600w thermaltake PSU

Sad specs for a gaming machine but Ive been saving up for my laptop, and a new motorcycle (2007 gsxr woot!) which I finally got both, so havent really upgraded my desktop in awhile. I think the processor is bottlenecking it, but the motherboard wont support C2Duo's and quads and such. 

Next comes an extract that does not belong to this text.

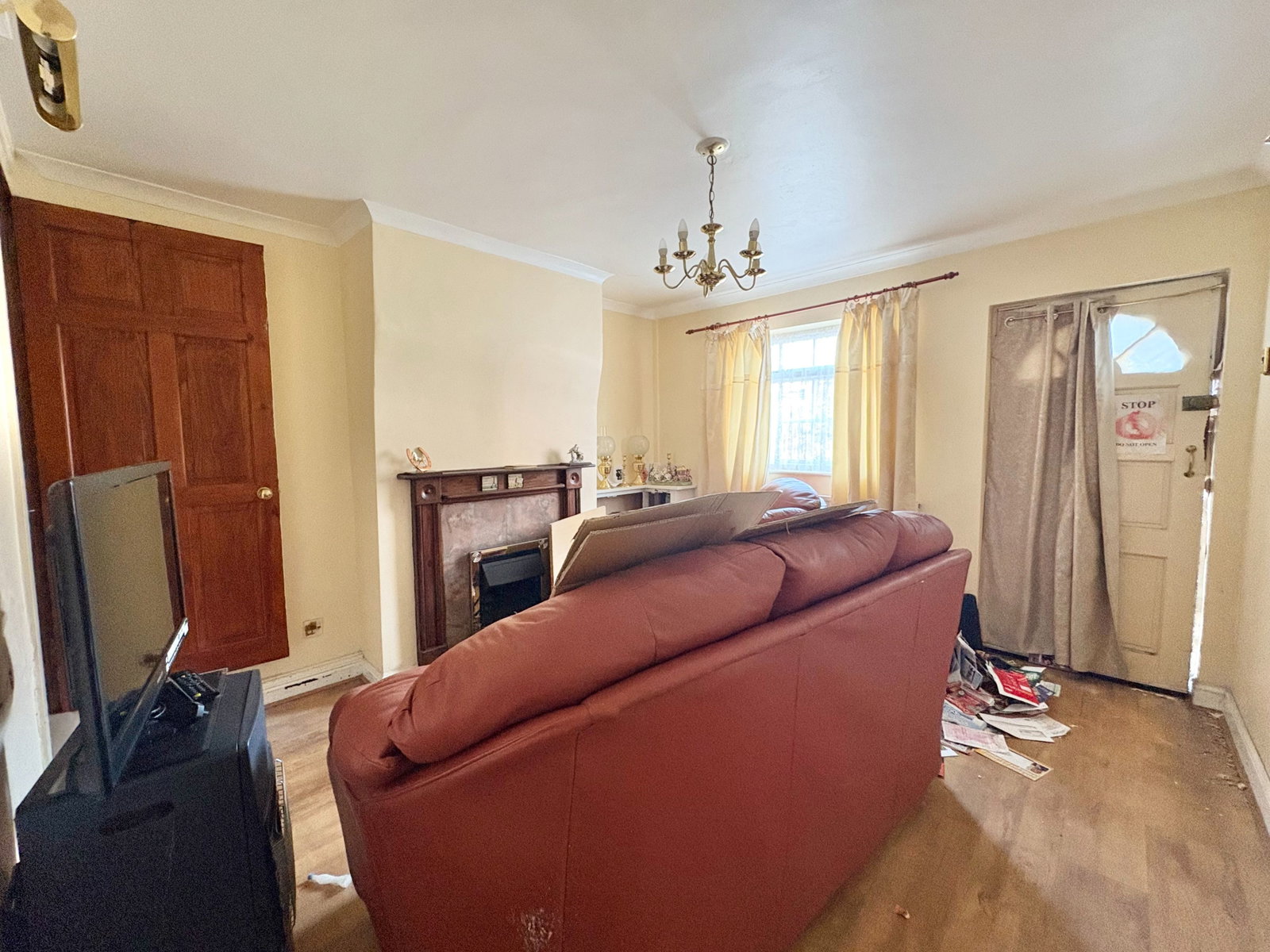 Terraced House in Tamworth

So here are my goals: Want to upgrade to a dual core x64 so that I can:

Upgrade vista 64 and max out the ram
upgrade to geforce 8800 or 9800 and not be bottlenecked by the processor

Id like to do it as cheaply as possible as in all reality this will be pretty much only a wow machine, or possibly hooked up to my Tv to play games with a 360 controller / media PC. Id like to do it without upgrading the motherboard at the moment, as I want to save up again for the latest and greatest at the time when i'm ready (i7, or whatever is out early next year or so)

So the only dual cores that are available for my board (afaik, correct me if im wrong) are Pentium D's. So are these worth the 100 bucks or so for around a 2.5ghz? Will I see performance increase (in gaming) over my P4? Ive heard terrible things all around about the PD series, but are they that bad that they would not kill a P4? 

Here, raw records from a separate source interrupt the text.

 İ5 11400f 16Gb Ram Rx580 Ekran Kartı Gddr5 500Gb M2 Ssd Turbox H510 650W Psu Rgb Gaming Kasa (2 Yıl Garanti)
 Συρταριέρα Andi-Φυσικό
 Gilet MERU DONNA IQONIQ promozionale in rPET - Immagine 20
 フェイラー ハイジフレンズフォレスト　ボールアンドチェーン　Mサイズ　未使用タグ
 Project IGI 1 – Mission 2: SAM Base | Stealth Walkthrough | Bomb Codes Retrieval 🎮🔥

Or perhaps should I go for PD 965 Extreme for 200 bucks 3.73ghz? I know that one would kill my P4, but is it worth 200 bucks?

Or am I crazy, not being bottlenecked, or perhaps its not worth it atall and i should wait till I can upgrade the board (i know most of you will say upgrade your mobo, but see my specific needs above... dont want to buy a C2D or C2Q board that I can afford now then have to buy an i7 board early next year.) Then I can move the geforce over to the i7 board, then upgrade piece by piece. 

Whattayathink?


----------



## Mussels (May 22, 2009)

pentium D's arent worth crap. modern celerons are faster.

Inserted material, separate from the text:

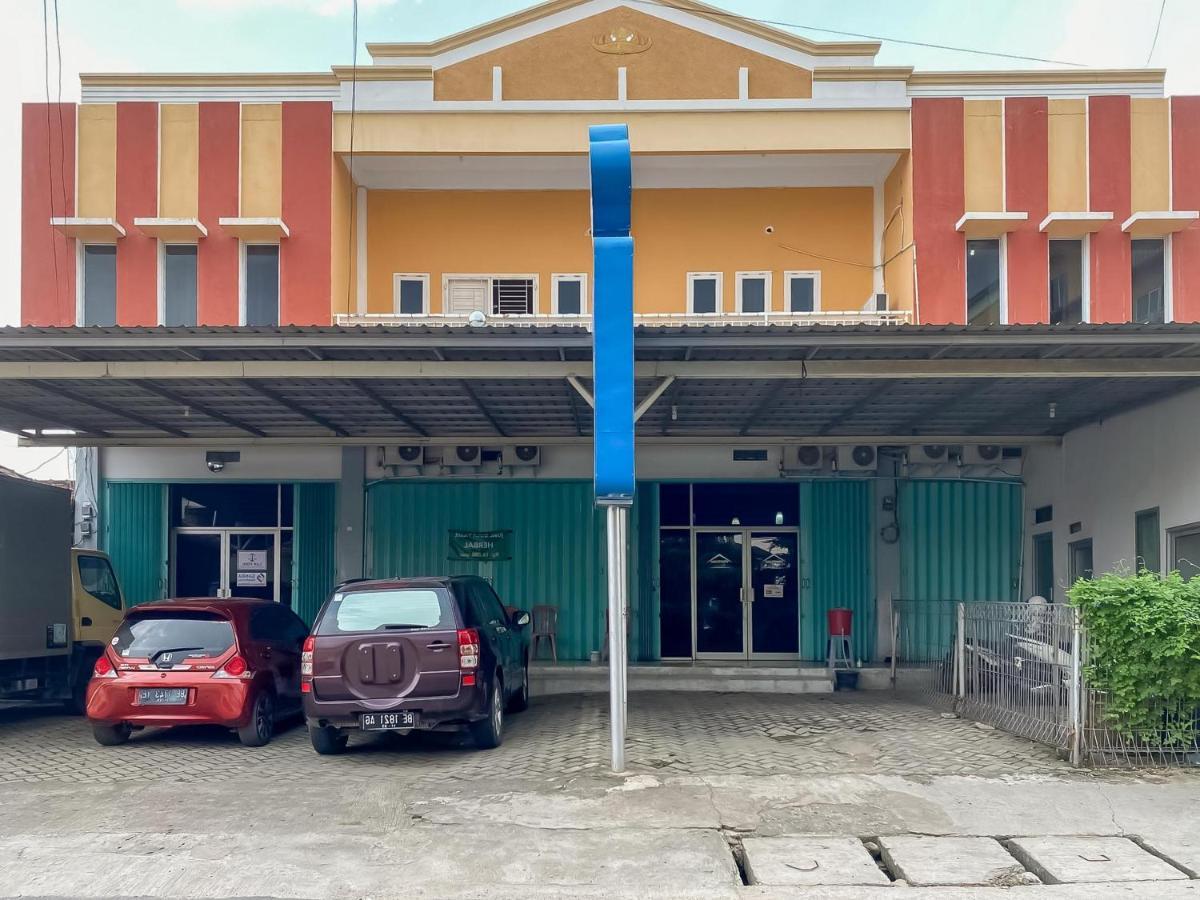 Reddoorz @ Jalan Morotai Lampung Hotel Bandar Lampung Exterior photo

Buy a new board first, then get a new CPU. it'll be faster and possibly cheaper.


----------



## Papahyooie (May 22, 2009)

I will buy a new board when I can get an i7 or whatever is best out when Im ready. But for now? I dont want to buy a new board then just have to scrap it or sell it.


----------



## angelkiller (May 22, 2009)

Your single core CPU is most likely a bottleneck.

However, _no_ Pentium D is worth more than $50 these days. Where are you getting your prices?

Your board supports a 1066MHz FSB, so it may be compatible with Intel's E6xx0 series. However, I can't find any confirmation of this.

I think a dual core CPU is a solid upgrade, but this is an old machine and you said you'd be upgrading next year. If you've survived this long on that machine, than a dual core CPU should hold you over until you upgrade. But make sure you don't spend more than $50 on a CPU, wheather it be a Pentium D or a Core 2 E6xx0. Any Pentium D with equal clock speed or better will be a decent upgrade imo. If you're interested, I have a Pentium D 805 that I'll sell ya for $30 shipped in the States. 

Oh, and I wouldn't upgrade your graphics at all. Surely you can max out WoW with a 7900GS...? Same thing on the RAM. I doubt you'll notice the difference between 4GB and 3GB. That extra GB is not worth the cost of the RAM+Vista. I think you should get a dual core CPU and see how things go. Any other upgrades won't really be worth it imo. Maybe another 7900GS if you can find one for like $30.


----------



## Mussels (May 22, 2009)

Papahyooie said:


> I will buy a new board when I can get an i7 or whatever is best out when Im ready. But for now? I dont want to buy a new board then just have to scrap it or sell it.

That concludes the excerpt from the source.